2. The points \( A(2,3), B(1,8), C(6,11) \) and \( D(3,6) \) are the vertices of a quadrilateral. a. Find the gradients of \( A B \) and \( D C \). What does this tell you about the lines \( A B \) and \( D C \) ? b. Find the equation of the diagonal joining \( B \) to \( D \). c. The diagonal \( A C \) has the equation \( y=x+5 \). Find the point of intersection of the two diagonals \( A C \) and \( B D \). d. Find the midpoint of \( A C \) and compare this point with the point of intersection of the diagonals \( A C \) and \( B D \).

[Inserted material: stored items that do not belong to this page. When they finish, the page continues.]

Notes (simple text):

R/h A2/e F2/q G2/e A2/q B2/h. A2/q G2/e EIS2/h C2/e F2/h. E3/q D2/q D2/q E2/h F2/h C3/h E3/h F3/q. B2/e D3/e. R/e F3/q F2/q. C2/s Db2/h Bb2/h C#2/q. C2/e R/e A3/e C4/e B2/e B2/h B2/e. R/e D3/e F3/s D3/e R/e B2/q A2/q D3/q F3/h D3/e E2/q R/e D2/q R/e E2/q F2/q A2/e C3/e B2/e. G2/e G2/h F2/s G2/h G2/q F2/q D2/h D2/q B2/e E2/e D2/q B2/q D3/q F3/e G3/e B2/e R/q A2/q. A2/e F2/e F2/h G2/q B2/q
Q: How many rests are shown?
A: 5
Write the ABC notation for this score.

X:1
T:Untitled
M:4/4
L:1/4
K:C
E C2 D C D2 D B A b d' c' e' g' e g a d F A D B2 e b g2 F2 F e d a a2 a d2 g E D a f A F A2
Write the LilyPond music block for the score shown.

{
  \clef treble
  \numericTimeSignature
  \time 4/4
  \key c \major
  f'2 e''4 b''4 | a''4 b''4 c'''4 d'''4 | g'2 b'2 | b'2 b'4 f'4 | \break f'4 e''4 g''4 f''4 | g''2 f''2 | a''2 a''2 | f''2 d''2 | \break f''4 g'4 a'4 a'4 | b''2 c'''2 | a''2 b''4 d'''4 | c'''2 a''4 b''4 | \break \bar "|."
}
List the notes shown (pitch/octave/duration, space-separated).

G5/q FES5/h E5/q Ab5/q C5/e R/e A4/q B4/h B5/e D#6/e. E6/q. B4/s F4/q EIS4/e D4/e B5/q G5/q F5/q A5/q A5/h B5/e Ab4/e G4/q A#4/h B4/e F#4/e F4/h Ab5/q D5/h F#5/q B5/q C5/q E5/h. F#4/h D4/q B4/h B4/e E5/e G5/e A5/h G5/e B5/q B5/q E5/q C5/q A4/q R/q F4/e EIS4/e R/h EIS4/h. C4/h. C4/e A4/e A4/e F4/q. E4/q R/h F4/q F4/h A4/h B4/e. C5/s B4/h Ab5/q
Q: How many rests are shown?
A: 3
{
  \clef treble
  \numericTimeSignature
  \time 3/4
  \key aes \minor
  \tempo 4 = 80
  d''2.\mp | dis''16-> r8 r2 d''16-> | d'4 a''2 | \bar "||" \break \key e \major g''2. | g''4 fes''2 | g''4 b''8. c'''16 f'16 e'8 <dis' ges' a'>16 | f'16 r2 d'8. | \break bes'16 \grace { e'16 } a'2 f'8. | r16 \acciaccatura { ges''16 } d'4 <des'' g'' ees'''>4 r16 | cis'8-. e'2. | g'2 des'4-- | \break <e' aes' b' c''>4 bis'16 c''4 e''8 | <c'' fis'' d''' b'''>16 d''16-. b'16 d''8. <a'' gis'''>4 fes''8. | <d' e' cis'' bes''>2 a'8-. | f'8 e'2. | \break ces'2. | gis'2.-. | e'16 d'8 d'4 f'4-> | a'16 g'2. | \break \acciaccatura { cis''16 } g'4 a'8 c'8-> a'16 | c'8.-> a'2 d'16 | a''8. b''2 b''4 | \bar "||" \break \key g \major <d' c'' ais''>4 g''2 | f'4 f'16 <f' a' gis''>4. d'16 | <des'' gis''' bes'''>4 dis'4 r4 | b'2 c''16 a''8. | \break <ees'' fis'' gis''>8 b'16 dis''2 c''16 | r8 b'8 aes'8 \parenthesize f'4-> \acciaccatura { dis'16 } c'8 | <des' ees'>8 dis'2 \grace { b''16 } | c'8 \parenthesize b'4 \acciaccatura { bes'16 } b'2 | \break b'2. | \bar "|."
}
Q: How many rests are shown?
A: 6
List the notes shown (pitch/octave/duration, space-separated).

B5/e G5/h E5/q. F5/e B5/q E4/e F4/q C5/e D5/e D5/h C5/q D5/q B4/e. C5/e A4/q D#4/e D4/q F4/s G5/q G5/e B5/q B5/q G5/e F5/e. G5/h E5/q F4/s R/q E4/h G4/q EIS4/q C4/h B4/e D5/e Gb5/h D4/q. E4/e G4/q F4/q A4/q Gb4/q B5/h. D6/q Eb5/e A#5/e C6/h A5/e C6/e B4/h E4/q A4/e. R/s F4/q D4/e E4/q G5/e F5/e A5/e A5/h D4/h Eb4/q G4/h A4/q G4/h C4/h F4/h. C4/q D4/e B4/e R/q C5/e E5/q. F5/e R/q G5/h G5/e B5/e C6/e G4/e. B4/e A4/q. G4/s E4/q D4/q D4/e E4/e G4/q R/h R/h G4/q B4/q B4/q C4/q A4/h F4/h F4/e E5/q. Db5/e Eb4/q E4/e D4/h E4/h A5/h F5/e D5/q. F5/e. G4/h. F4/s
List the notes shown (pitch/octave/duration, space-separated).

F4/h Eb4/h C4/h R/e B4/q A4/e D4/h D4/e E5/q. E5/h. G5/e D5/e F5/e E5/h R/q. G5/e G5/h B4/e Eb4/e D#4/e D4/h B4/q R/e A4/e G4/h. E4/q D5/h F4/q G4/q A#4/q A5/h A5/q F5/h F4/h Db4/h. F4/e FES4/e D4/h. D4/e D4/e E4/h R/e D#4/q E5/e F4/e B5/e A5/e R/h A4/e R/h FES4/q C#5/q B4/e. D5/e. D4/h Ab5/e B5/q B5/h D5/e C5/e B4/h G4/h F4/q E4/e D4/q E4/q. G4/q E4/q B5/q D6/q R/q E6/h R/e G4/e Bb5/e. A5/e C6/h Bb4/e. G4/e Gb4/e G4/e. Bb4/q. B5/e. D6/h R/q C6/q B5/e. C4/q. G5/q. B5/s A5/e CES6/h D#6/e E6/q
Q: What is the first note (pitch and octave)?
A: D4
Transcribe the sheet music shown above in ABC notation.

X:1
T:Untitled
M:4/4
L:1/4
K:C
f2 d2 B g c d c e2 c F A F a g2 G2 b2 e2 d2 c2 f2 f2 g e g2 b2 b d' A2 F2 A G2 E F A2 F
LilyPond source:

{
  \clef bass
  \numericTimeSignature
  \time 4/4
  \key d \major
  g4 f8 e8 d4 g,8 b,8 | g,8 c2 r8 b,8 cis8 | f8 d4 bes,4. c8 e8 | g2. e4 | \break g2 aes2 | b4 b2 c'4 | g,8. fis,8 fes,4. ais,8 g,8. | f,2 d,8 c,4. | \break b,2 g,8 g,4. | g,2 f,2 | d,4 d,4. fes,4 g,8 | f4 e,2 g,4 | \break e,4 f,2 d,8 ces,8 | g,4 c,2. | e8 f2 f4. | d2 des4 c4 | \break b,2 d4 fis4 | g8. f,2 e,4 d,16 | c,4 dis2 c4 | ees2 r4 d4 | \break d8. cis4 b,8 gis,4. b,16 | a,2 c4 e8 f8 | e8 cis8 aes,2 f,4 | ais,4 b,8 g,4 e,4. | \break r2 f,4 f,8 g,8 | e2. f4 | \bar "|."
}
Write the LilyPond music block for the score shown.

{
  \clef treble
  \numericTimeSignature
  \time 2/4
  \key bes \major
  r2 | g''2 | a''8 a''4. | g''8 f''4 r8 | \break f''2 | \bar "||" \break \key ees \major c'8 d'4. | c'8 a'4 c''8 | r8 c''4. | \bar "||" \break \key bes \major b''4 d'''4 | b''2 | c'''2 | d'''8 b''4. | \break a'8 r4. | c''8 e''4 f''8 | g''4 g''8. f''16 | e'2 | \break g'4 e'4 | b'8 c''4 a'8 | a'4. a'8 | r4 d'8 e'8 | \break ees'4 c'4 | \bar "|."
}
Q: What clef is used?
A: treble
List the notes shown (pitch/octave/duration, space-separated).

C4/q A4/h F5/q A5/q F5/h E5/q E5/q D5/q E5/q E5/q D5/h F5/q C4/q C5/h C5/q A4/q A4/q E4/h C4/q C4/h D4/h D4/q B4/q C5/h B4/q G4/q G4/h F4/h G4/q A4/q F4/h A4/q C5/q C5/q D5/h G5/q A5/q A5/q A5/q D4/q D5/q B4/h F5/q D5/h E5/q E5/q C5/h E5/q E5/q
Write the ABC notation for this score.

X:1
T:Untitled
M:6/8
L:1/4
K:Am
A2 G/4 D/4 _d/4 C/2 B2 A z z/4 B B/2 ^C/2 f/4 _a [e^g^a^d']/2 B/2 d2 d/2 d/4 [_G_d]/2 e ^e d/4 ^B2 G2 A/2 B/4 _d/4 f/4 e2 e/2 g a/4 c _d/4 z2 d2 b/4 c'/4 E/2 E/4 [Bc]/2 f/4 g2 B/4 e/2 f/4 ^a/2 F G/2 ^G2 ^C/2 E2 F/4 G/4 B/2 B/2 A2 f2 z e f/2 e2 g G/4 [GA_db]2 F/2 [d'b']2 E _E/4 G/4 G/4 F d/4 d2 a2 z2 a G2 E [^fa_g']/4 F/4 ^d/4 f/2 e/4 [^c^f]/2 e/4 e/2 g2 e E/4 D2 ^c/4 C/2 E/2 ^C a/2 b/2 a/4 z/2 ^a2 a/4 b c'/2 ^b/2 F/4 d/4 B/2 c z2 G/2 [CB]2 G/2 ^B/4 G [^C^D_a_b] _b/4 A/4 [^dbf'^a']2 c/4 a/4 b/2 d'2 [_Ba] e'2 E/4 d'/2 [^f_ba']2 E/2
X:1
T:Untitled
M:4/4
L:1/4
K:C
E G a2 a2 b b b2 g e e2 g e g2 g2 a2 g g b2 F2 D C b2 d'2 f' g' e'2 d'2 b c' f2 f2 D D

To start with the gradients: a. The gradient of line \( AB \) is calculated as \( m_{AB} = \frac{y_2 - y_1}{x_2 - x_1} = \frac{8 - 3}{1 - 2} = \frac{5}{-1} = -5\). For line \( DC \), the gradient is \( m_{DC} = \frac{11 - 6}{6 - 3} = \frac{5}{3} \). Since the gradients \( -5 \) and \( \frac{5}{3} \) are not equal, it tells us that lines \( AB \) and \( DC \) are not parallel. b. To find the equation of diagonal \( BD \), we first find the gradient: \( m_{BD} = \frac{6 - 8}{3 - 1} = \frac{-2}{2} = -1 \). Using point-slope form \( y - y_1 = m(x - x_1) \), we can use point \( B(1,8) \): \[ y - 8 = -1(x - 1) \] This simplifies to \( y = -x + 9 \). c. The equation of diagonal \( AC \) is \( y = x + 5 \). To find the intersection with \( BD \), set the equations equal to each other: \[ -x + 9 = x + 5 \] Solving gives \( 2x = 4 \) or \( x = 2 \). Plugging this back into \( y = x + 5 \) yields \( y = 7 \). So, the intersection point is \( (2, 7) \). d. The midpoint \( M \) of diagonal \( AC \) is found using the midpoint formula: \[ M = \left( \frac{x_1 + x_2}{2}, \frac{y_1 + y_2}{2} \right) = \left( \frac{2 + 6}{2}, \frac{3 + 11}{2} \right) = (4, 7) \]. Comparing this with the intersection point \( (2, 7) \), we can see that while they share the same \( y \)-coordinate, they differ in the \( x \)-coordinate, making them distinct points on the plane.